Posted 28 novembre 2012 in L'Iran dentro, Slider with 0 Comments
di Barbara Gianessi
I panni sporchi si lavano in famiglia. É quello che sembra suggerire la Guida Suprema, Ali Khamenei, che mercoledì 21 novembre ha chiesto al Majles, il Parlamento iraniano, di bloccare l’interrogazione parlamentare nei confronti del presidente Mahmoud Ahmadinejad, accusato a marzo di scelte politiche ed economiche discutibili.
La decisione sorprende se si pensa che l’interrogazione, la prima nella storia della Repubblica islamica, era stata vista come una mossa della Guida suprema per mettere alle strette il Presidente, con cui i rapporti sono da tempo caratterizzati da crisi politiche continue. Ora invece Khamenei sembra averci ripensato perché “il Paese ha bisogno di calma” e l’eventuale caduta di Ahmadinejad “avvantaggerebbe i nemici dell’Iran”. Iran che si sente sempre più accerchiato, con la comunità internazionale che sbraita slogan bellicosi brandendo sanzioni “mirate” che affossano l’economia del Paese. A ottobre l’Europa ha chiuso alle importazioni di gas naturale iraniano e ha proibito ogni transazione con banche o istituti finanziari del Paese per costringere Teheran a bloccare il suo programma nucleare. Ma mentre l’uranio continua ad arricchirsi nelle turbine, chi si impoverisce sono gli iraniani, la cui valuta nazionale, il rial, è in caduta libera. L’inflazione incontrollabile ha portato in piazza anche i bazari, i commercianti di Teheran da sempre attori protagonisti della storia del Paese, che i primi di ottobre si sono scagliati contro le politiche economiche del Presidente fino a veri e propri scontri con la polizia.
L’unica risposta sembra quindi essere quella dell’unità nazionale, se non reale almeno apparente. Già perché l’intervento pacificatore di Khamenei, anche se straordinariamente diretto, non sembra volto a ricucire in modo definitivo i rapporti con il Presidente, ma piuttosto a evitare che un eventuale impeachment di Ahmadinejad possa avere effetti destabilizzanti per il Paese.

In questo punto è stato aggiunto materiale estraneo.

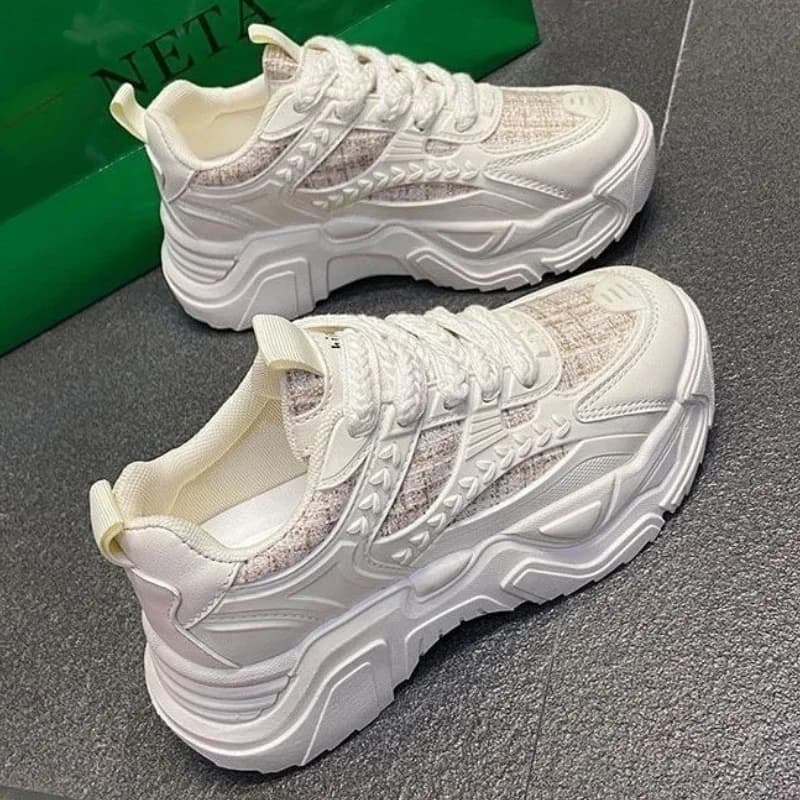 Calzature robuste rialzate da donna stile studente sneakers casual con tacco spesso traspirante in rete leggera con regolazione dell'altezza ​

Il Presidente, infatti, potrebbe essere defenestrato da una mozione di sfiducia presentata da almeno un terzo dei 290 membri del Majles e votata dai due terzi del Parlamento. Parlamento che, dopo la sconfitta alle elezioni parlamentari dello scorso marzo, non brulica certo di suoi simpatizzanti.
Ahmadinejad, ingegnere ed ex sindaco di Teheran, è stato eletto per la prima volta nel 2005 con l’appoggio di Khamenei. I rapporti tra i due si sono però incrinati velocemente anche perché il Presidente, non certo famoso per il suo quietismo, sembra spingere sempre più verso un ridimensionamento del potere del clero sciita. Dopo l’Onda verde del 2009, però, quando migliaia di iraniani hanno protestato in piazza contro i brogli elettorali legati alla rielezione di Ahmadinejad, Khamenei ha dovuto riconfermare il proprio appoggio al Presidente per evitare l’implosione del sistema.
Le prossime elezioni presidenziali sono previste per il 14 giugno 2013. Ahmadinejad, giunto al secondo mandato, non potrà più ricandidarsi ma non sembra ancora pronto a scomparire tra i titoli di coda. Infatti il Presidente, che conserva ancora il favore dei centri rurali e delle classi più povere, sembra voglia puntare sull’elezione del suo più fidato consigliere, Esfandiar Rahim Mashaei. Mashaei, la cui figlia ha sposato il primogenito di Ahmadinejad, è duramente criticato dal clero per lo spiccato nazionalismo che ha spesso anteposto ai valori della Rivoluzione islamica. Le candidature per le elezioni presidenziali non sono però ancora state ufficializzate e l’ultima parola spetterà comunque al Consiglio dei Guardiani, organo composto da sei religiosi e sei giuristi che controlla la conformità delle leggi ai dettati islamici e alla Costituzione e che ha il potere di veto sui candidati presidenziali. Fino a quel momento Teheran vuole celare il più possibile agli occhi della comunità internazionale cosa bolle nel pentolone delle alleanze, surriscaldato dalle pressioni internazionali. Questo è possibile anche grazie a un apparato istituzionale macchinoso, basato su due piani paralleli di gestione del potere, in cui organi eletti sono “guidati” da organi legati all’establishment religioso, confondendo i ruoli e i poteri in una grande opera di dissimulazione istituzionale.
Mentre gli occidentali spintonano il Paese sperando di innescare una nuova primavera persiana, le incertezze restano. Quello che è certo è che Khamenei non vuole già dare inizio a una campagna elettorale che ha tutte le carte in regola per rivelarsi altamente infiammabile.